Face detection with OpenCV and deep learning

Last updated on July 4, 2021.

Today I’m going to share a little known secret with you regarding the OpenCV library:

You can perform fast, accurate face detection with OpenCV using a pre-trained deep learning face detector model shipped with the library.

You may already know that OpenCV ships out-of-the-box with pre-trained Haar cascades that can be used for face detection…

…but I’m willing to bet that you don’t know about the “hidden” deep learning-based face detector that has been part of OpenCV since OpenCV 3.3.

In the remainder of today’s blog post I’ll discuss:

Where this “hidden” deep learning face detector lives in the OpenCV library
How you can perform face detection in images using OpenCV and deep learning
How you can perform face detection in video using OpenCV and deep learning

As we’ll see, it’s easy to swap out Haar cascades for their more accurate deep learning face detector counterparts.

To learn more about face detection with OpenCV and deep learning, just keep reading!

Update July 2021: Included a new section on alternative face detection methods you may want to consider for your projects.

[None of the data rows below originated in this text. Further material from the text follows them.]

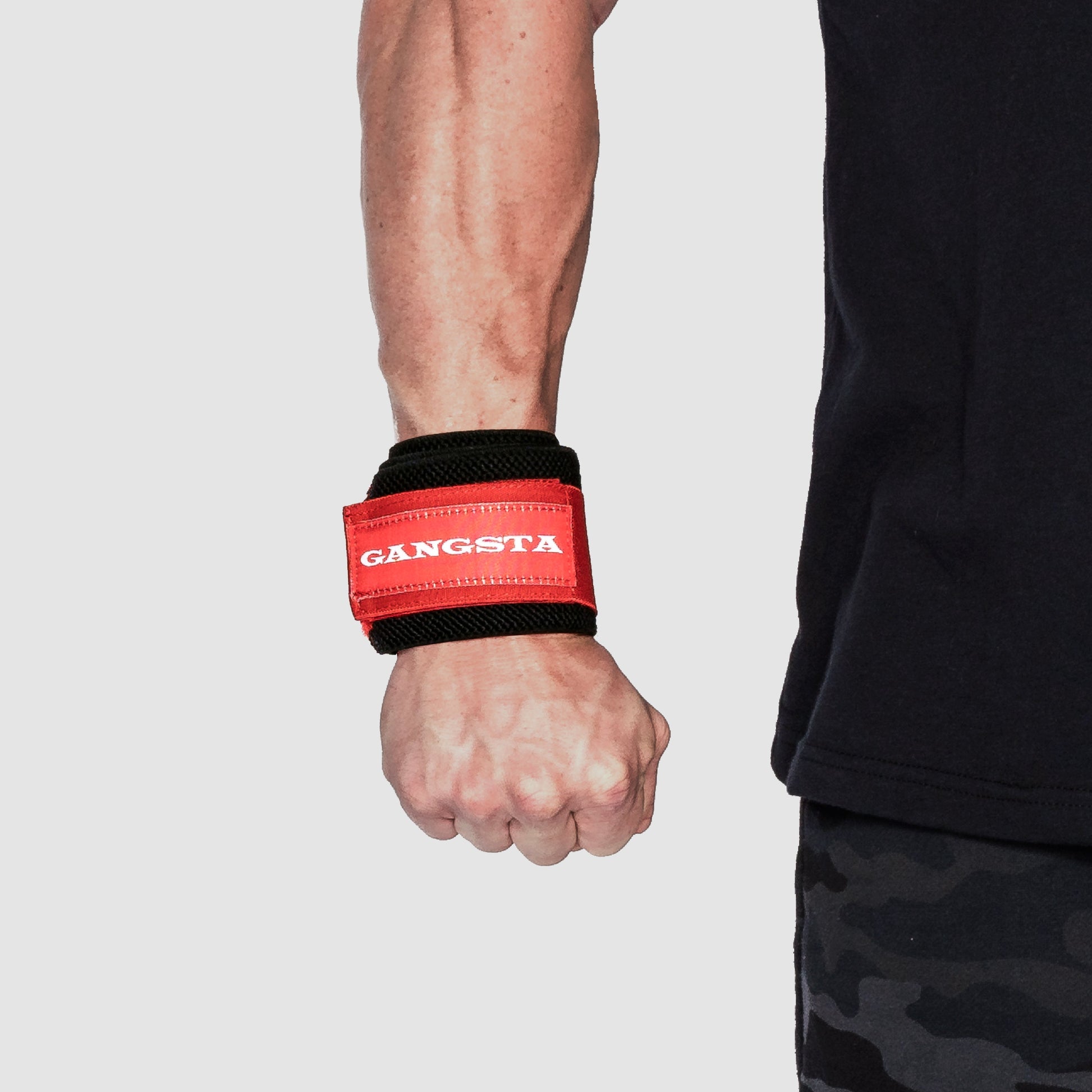 Gangsta Flex Wrist Wraps providing support and stability on a wrist during strength training.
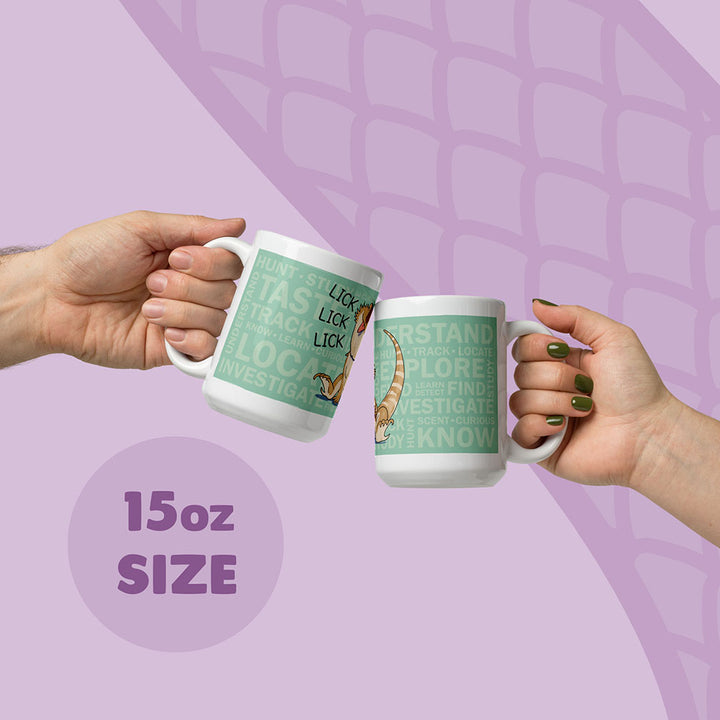 Two white 15oz ceramic mugs being held up by two hands featuring a light green rectangular graphic with the text "HUNT, TASTE, TRACK, LOCATE, INVESTIGATE, UNDERSTAND, EXPLORE, FIND, KNOW" and an illustration of a bearded dragon lizard with the word "LICK".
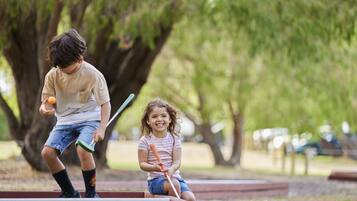 Dos niños jugando con una pelota y un bate en un parque con árboles y una estructura de ladrillo rojo.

Looking for the source code to this post?

Face detection with OpenCV and deep learning

Today’s blog post is broken down into three parts.

In the first part we’ll discuss the origin of the more accurate OpenCV face detectors and where they live inside the OpenCV library.

From there I’ll demonstrate how you can perform face detection in images using OpenCV and deep learning.

I’ll then wrap up the blog post discussing how you can apply face detection to video streams using OpenCV and deep learning as well.

Where do these “better” face detectors live in OpenCV and where did they come from?

Back in August 2017, OpenCV 3.3 was officially released, bringing it with it a highly improved “deep neural networks” (dnn ) module.

This module supports a number of deep learning frameworks, including Caffe, TensorFlow, and Torch/PyTorch.

The primary contributor to the dnn module, Aleksandr Rybnikov, has put a huge amount of work into making this module possible (and we owe him a big round of thanks and applause).

And since the release of OpenCV 3.3, I’ve been sharing a number of deep learning OpenCV tutorials, including:

However, what most OpenCV users do not know is that Rybnikov has included a more accurate, deep learning-based face detector included in the official release of OpenCV (although it can be a bit hard to find if you don’t know where to look).

The Caffe-based face detector can be found in the face_detector sub-directory of the dnn samples:

**Figure 1:** The OpenCV repository on GitHub has an example of deep learning face detection.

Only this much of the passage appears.